Suspended Jacksonville City Councilwoman Katrina Brown is expected, at this writing, to be back in federal court this week. Brown and fellow suspended councilor Reggie Brown (unrelated), are accused of a 38-count conspiracy to defraud, say federal prosecutors. The pair allegedly skimmed hundreds of thousands of dollars from a Small Business Administration-backed loan provided to Katrina Brown’s family barbecue sauce plant. Among the dozens of charges are wire fraud, mail fraud, money laundering and so on.
Since she was elected to the Council in 2015, the BBQ sauce plant has been at least a background story. City incentives to the tune of $600,000 weren’t providing ROI, leading to suits and eventual judgments against her family business. The FBI and other agencies coordinated a raid of the facility late in 2016. That evidentiary trawl led to Brown’s current legal predicament.
Things haven’t gone better since the start of the federal case, either. Brown presented with a pricy lawyer, then pleaded penury and rolled with court-appointed attorney Darcy Galnor.
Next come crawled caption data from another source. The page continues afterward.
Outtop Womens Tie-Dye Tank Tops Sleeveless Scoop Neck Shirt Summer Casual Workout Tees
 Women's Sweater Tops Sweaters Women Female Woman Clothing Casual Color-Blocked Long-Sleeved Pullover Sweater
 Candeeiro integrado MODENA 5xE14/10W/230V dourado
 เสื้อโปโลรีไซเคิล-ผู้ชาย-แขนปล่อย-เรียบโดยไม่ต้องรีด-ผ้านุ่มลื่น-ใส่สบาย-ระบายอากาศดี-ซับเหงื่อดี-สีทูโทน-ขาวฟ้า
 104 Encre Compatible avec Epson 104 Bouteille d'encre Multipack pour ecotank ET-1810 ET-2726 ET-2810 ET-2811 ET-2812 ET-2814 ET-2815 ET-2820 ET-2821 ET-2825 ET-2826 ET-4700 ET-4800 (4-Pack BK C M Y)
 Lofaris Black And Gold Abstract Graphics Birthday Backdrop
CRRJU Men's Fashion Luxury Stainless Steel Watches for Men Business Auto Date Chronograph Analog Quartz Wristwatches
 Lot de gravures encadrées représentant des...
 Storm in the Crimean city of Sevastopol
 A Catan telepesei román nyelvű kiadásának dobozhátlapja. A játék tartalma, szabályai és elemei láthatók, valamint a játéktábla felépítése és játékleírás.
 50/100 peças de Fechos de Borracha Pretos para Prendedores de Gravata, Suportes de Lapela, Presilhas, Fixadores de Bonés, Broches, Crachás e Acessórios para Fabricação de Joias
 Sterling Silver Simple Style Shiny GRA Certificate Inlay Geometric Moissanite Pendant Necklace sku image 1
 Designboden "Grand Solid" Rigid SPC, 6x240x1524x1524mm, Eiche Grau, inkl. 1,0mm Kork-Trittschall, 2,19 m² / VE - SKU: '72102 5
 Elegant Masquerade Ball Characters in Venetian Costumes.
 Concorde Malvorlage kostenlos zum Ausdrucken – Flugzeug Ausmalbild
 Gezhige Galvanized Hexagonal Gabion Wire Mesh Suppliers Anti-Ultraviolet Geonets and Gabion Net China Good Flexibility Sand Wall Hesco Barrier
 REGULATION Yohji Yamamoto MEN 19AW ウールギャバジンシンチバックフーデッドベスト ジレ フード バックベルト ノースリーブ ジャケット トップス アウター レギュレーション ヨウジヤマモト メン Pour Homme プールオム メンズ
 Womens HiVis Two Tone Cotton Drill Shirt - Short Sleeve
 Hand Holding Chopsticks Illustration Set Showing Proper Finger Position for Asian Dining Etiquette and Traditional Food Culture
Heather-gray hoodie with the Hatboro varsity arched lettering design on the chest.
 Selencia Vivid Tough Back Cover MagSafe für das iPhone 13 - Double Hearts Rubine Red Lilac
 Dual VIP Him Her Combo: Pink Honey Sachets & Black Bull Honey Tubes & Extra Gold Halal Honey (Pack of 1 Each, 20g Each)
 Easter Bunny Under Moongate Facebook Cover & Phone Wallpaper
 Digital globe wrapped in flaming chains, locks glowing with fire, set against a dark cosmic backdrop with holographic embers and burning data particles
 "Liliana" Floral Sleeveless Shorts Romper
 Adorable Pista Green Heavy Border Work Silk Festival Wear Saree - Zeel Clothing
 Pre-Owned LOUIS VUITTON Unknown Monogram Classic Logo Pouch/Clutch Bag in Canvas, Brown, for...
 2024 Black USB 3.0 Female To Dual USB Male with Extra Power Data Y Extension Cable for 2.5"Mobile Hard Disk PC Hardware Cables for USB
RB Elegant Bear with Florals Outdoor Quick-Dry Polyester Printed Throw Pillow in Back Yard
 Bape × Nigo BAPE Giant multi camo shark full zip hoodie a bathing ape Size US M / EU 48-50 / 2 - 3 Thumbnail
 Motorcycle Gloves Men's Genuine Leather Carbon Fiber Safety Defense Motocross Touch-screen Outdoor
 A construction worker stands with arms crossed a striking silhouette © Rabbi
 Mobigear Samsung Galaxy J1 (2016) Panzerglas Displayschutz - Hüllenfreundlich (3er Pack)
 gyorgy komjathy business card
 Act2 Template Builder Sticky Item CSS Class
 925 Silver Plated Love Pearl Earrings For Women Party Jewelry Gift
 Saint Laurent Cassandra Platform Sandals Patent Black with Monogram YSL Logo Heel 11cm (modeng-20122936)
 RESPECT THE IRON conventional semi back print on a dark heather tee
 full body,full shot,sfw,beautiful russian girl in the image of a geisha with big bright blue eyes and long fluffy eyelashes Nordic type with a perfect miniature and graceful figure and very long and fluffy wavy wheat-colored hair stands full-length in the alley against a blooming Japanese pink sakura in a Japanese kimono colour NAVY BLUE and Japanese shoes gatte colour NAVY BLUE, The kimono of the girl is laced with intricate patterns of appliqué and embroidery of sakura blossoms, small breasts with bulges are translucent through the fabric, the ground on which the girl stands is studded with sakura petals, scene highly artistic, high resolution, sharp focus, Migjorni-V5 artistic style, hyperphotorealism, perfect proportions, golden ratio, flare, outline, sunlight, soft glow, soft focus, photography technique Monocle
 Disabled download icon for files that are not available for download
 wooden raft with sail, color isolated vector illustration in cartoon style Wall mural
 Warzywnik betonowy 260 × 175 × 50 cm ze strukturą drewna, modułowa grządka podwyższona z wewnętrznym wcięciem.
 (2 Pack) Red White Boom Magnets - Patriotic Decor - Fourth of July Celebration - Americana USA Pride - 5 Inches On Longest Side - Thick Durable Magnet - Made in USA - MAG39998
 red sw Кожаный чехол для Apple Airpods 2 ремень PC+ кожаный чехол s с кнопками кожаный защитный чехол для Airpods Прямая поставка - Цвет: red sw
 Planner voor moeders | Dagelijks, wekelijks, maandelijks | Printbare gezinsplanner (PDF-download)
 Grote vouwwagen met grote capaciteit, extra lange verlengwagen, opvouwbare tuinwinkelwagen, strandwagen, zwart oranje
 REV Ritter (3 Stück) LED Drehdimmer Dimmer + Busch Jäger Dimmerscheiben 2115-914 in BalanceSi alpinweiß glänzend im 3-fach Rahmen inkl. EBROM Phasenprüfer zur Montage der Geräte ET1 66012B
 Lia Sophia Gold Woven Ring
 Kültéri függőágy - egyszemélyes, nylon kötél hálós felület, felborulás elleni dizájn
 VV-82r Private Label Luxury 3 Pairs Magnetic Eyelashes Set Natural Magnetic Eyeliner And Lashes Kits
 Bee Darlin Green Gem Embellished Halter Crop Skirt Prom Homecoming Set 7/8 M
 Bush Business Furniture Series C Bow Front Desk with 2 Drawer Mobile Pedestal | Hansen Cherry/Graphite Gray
Judge James Klindt’s choice of Galnor was interesting. She was connected: her husband Matt handles comms for the Jax Chamber. Given the pyrotechnics of the fall elections, it was easy to miss ephemera like Jacksonville City Council agendas. Which is too bad, given that eagle eyes would have spied the appointment of Galnor to the Jacksonville Ethics Commission. Nominating Galnor was State Attorney Melissa Nelson. This nomination, some say, presents a conflict.
As multiple sources, including The Florida Times-Union, reported, Brown has filed a complaint with The Florida Bar suggesting that Galnor wanted her to plead out, and that Brown was to “help state prosecutors investigating [alleged] City Council Sunshine Law violations.” Per reports, the ultimate targets were critics of the Mayor’s Office, Anna Brosche and Garrett Dennis.
Current Council President Aaron Bowman, who ran uncontested last spring, charged that Dennis was breaking the Sunshine Law by talking about the Council race outside of noticed meetings. Bowman and Dennis were to talk over the matter with the city ethics chair; however, Dennis wanted a noticed meeting, and Bowman did not. Dennis subsequently called a presser. State attorneys were present. In September, The Florida Times-Union reported that lawyers were asking about Sunshine Law violations.
Given the political symbiosis between the council president, the mayor, and the state attorney, some believe that this investigation is a political dagger aimed at the hearts of Anna Brosche and Garrett Dennis.
As an observer of the council, I have some thoughts on the Sunshine Law. The letter and the spirit of this law are often two different things. It is possible to convey attitudes and consensus on a matter (a leadership race, a piece of legislation, whatever) without explicitly mentioning that matter. Deep dives for emails and texts on sensitive subjects are often useless, because everyone is hip to the game. Don’t memorialize anything you care about.
Which is to say that I assume everyone violates the Sunshine Law. From the chats at prayer breakfasts to the whisper sessions in Hemming Park, we can only trust that the pols are following the rules.
Brown could have, in theory, been useful if she was willing to help. And the ol’ two-count plea deal can cut down prison time to almost nothing. In theory. Obviously.
There would have been an irony in her rolling on Brosche, who put her and Reggie Brown on Finance as payback for their council president votes. (And Dennis, whom she always called “Dennis Garrett,” was made chair of that committee.)
Brown’s got a live Bar complaint and a new court-appointed lawyer. Who knows what the future holds?
Regarding the validity of that complaint, which contends that Galnor offered incompetent representation, it’s hard to see it flying. Brown has not established a reputation for veracity in her public life. Even in the 2015 campaign, issues with paying property taxes foreshadowed the financial morass that followed. Brown will have to leverage relationships with the media if she wants, somehow, to make the case that she has been sold out by a larger conspiracy of the city’s political establishment. Leaking the Bar complaint was a good start, but there’s a lot more work ahead.
At this writing, Brown and Brown are poised for February trials. We’ll see if they happen on schedule. Some will look at the trials and see two corrupt politicians who exploited a system. Others will see the system itself on trial, and for them these former councilmembers’ troubles will be another narrative point in a continuing war against black politicians. Expect more news about this whole mess as the year progresses.